Restate word for word the lines in the listing below, starting at the line containing "MICHAEL G TAYLOR" and ending at the line containing "Levi's® Jeans Tapered Fit - dark-blue denim", both included; leave out the rest.

Records shown:
=== Begin Enclosure ===

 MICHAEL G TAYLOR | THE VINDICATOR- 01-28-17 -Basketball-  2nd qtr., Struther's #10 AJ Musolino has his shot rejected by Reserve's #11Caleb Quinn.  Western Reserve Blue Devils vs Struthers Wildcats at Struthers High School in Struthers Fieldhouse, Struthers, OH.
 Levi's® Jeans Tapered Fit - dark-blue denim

=== End Enclosure ===
=== Begin Enclosure ===

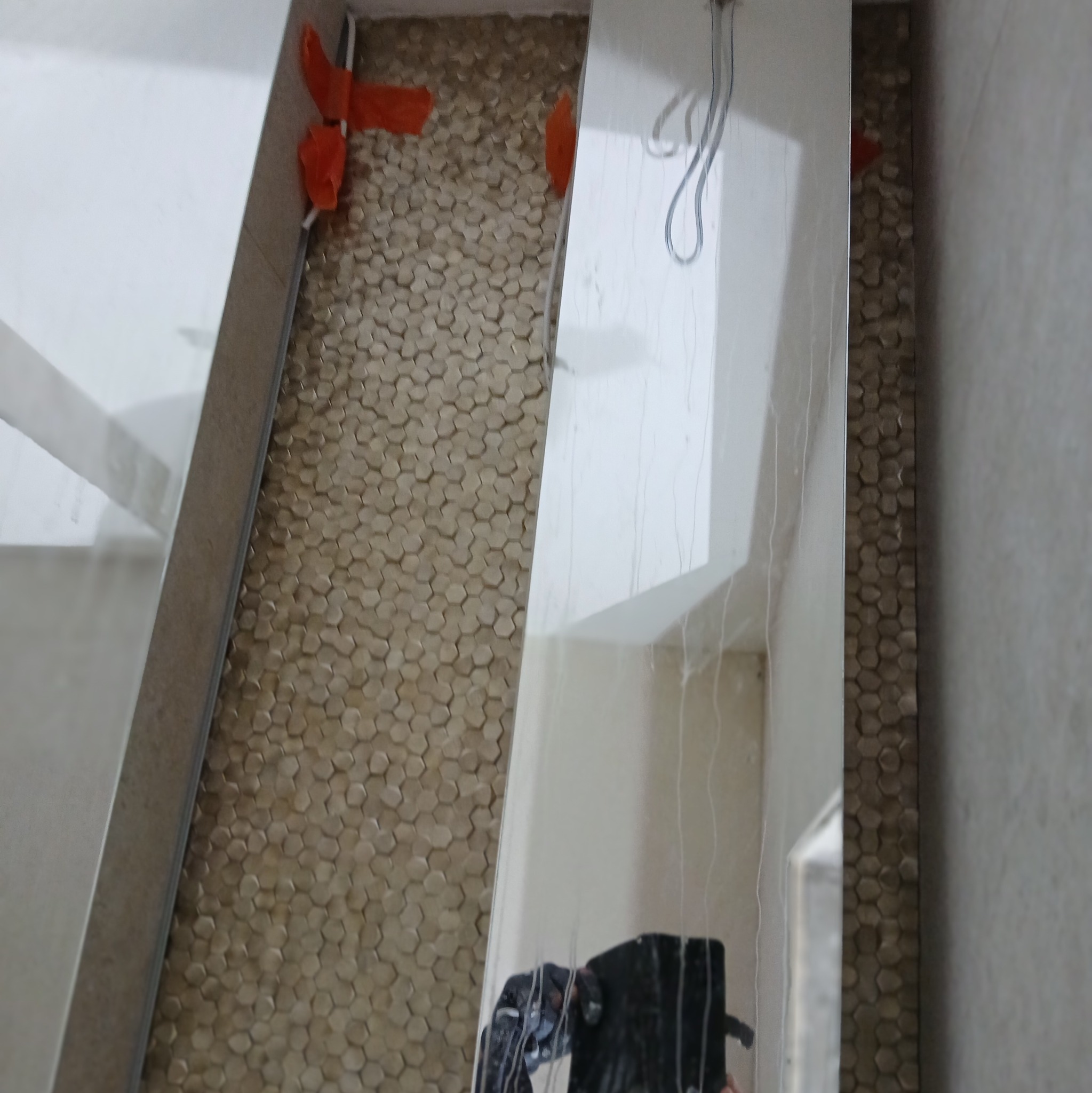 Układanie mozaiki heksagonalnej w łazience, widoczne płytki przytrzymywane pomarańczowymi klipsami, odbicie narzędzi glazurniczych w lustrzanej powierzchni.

=== End Enclosure ===
=== Begin Enclosure ===

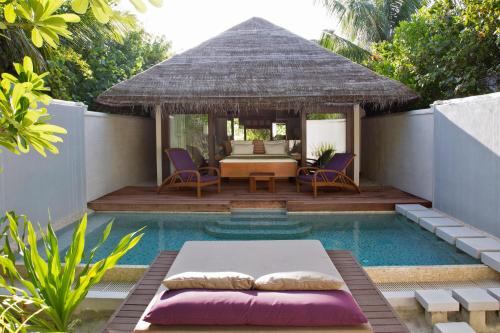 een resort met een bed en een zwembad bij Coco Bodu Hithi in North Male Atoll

=== End Enclosure ===

Problem solution:
 MICHAEL G TAYLOR | THE VINDICATOR- 01-28-17 -Basketball-  2nd qtr., Struther's #10 AJ Musolino has his shot rejected by Reserve's #11Caleb Quinn.  Western Reserve Blue Devils vs Struthers Wildcats at Struthers High School in Struthers Fieldhouse, Struthers, OH.
 Levi's® Jeans Tapered Fit - dark-blue denim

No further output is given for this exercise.